What is the average number of search attributes per drug? The index
allocates space only to attributes that are used. If there are 5000
searchable attributes, and each drug has only a 100 unique attributes,
the inverted list of fields contains 5000 attribute entries with an
average of 100 document ids. (This comes from my vague understanding
of space requirements.)

If you experiment with this you may find that the space and
performance characteristics are actually OK.

On Mon, Sep 28, 2009 at 6:42 AM, Luo, Jeff <jl...@cas.org> wrote:
> We DO have a multi-value field Drug-Name on the paper index.
> Unfortunately, we can NOT combine these two distinct indexes into one
> BIG index, as you suggested, to fully de-normalize them.

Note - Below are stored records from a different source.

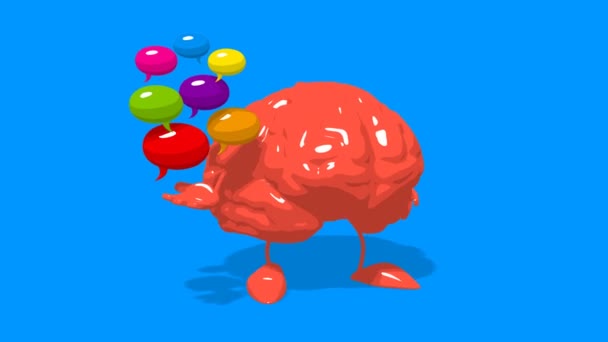 Fun cartoon brain — Stock Video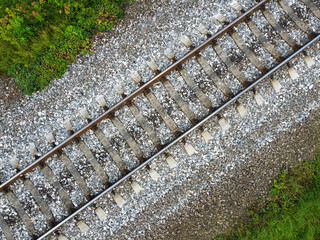Background with gravel and railroad line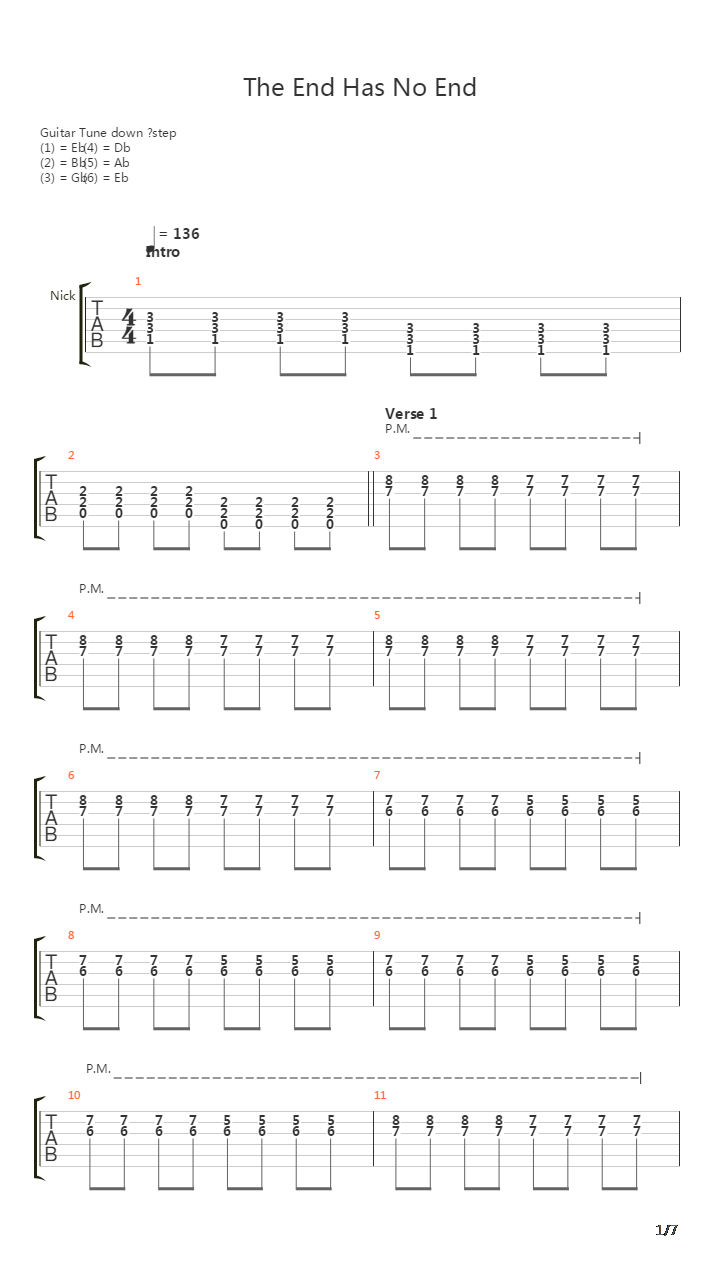 The End Has No End吉他谱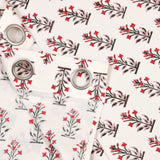 BLOCKS OF INDIA Hand Block Printed Cotton Daylight Curtain with Eyelets(Set of 2 Curtains) (Flower 214 cm / Door)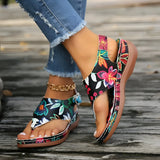 Florale bestickte Komfortsandalen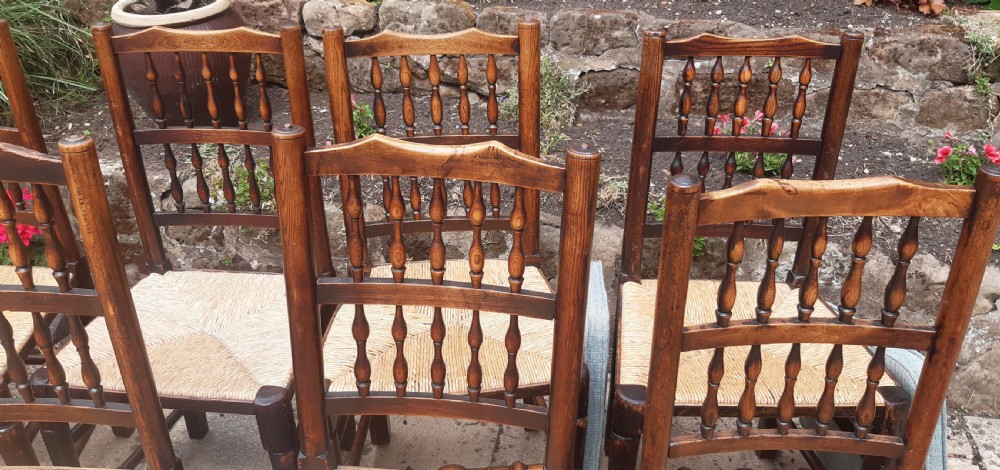 8 spindleback chairs 19th century  View VI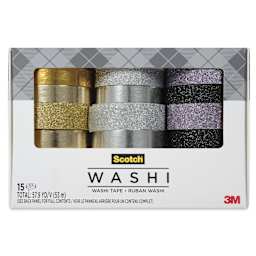 Scotch Washi Tape - Metallic Glitter Colors, Set of 15 - front of packaging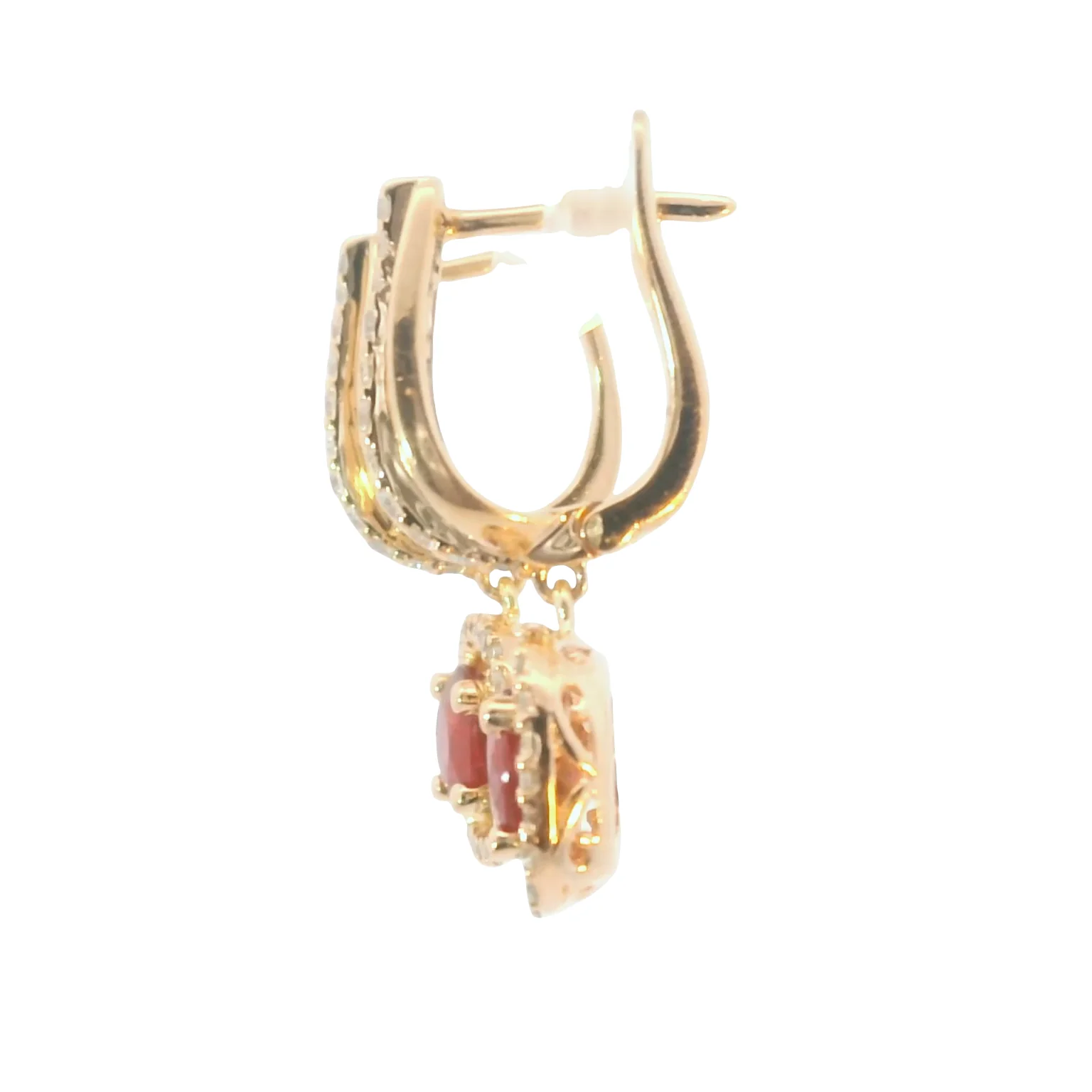 Ruby and Diamond Drop Earring - Image 2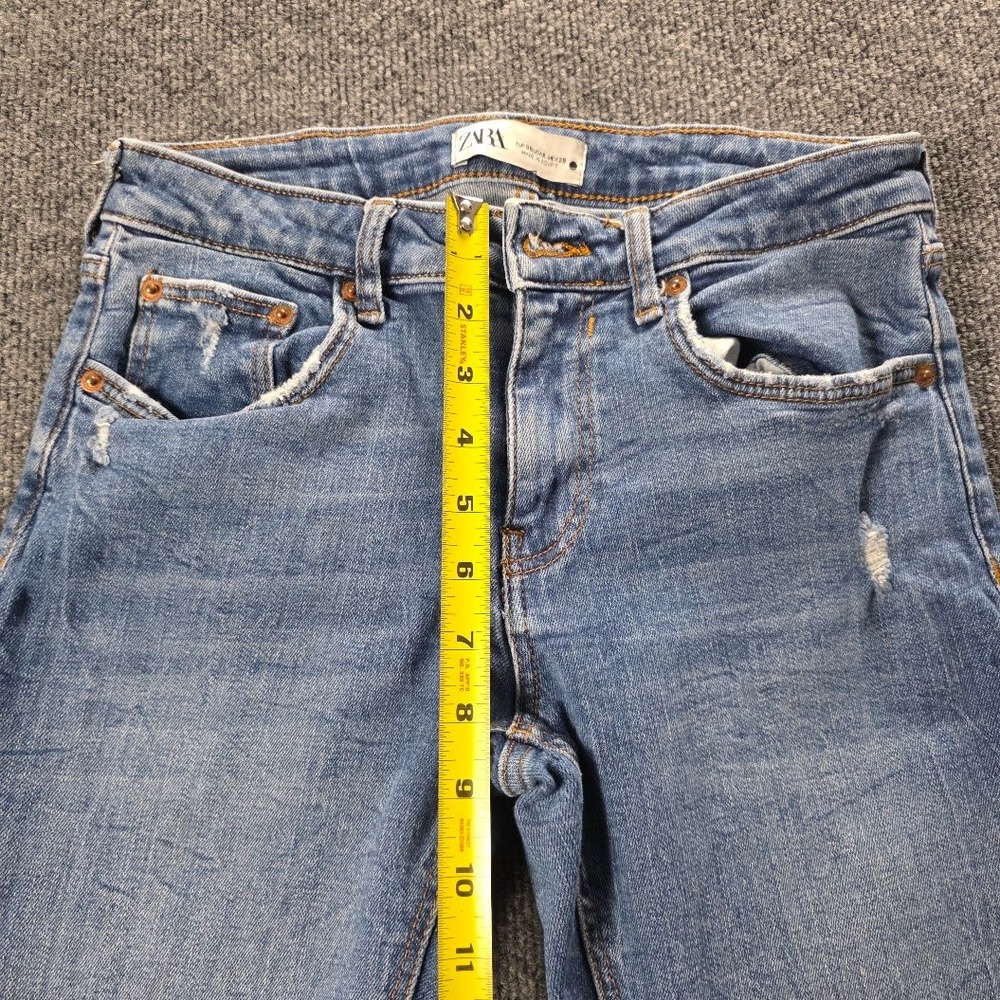 Zara The Skinny Jeans Womens‎ 6 Medium Wash Distressed Frayed Stepped Hem Blue - Picture 9 of 12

A drug has TOO
> MANY properties which one can query against and a paper might contain
> TOO MANY drugs.
>
> In a trivial case, the user knows the terms(drug names), so they can
> search the documents very fast using those terms. In a non-trivial case,
> the user does NOT know the drug names, so they search by drug
> properties, and the number of drug names resulted from their property
> search could be in the range of thousands, hence my question.
>
> If you have any good design ideas on this requirement, please let me
> know.
>
> Thanks for your time,
>
> Jeff
>
> -----Original Message-----
> From: Walter Underwood [mailto:wunder@wunderwood.org]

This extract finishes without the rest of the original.